I will come right out and admit that there is an intrinsic risk to leaving
your Bitcoin wallet on a 24/7 server that an attacker can potentially break
into. I think that running your own (vs a centralized hosted wallet service)
potentially mitigates some of this risk, but of course, if there was a
security issue with Coinpunk, an attacker could theoretically write a script
to spider for servers. I do believe that it does help to reduce the "single
point of failure" problem though.

I do think that the added convenience of 24/7 bitcoin transactions is worth
the risk. I think that there is a threshold of acceptable risk that people
will take for convenience. After all, even if you're running Bitcoin-qt on a
desktop, what's to stop a trojan horse from infecting that machine and
stealing its wallet file?

There are a few things I want to implement eventually to improve the security
of Coinpunk. One thing I want to do is allow accounts to remove and backup
their private address keys. This would in effect turn the account into a
"savings account" that is locked from changes.
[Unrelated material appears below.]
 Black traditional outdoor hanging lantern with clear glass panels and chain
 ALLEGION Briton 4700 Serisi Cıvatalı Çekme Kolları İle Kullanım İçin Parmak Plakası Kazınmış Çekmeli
You could move a large portion
of your funds to that account, and then keep the rest available for quick
transactions.

Another thing I want to do is enable the wallet encryption feature. It's not a
huge security gain because the attacker probably has access to that password,
but I don't think it hurts. This could perhaps be combined with a chroot jail
that doesn't have access to the config file after loading, requiring the user
to figure out how to pry the password out of memory on a running program
(which isn't impossible, but it's definitely more work).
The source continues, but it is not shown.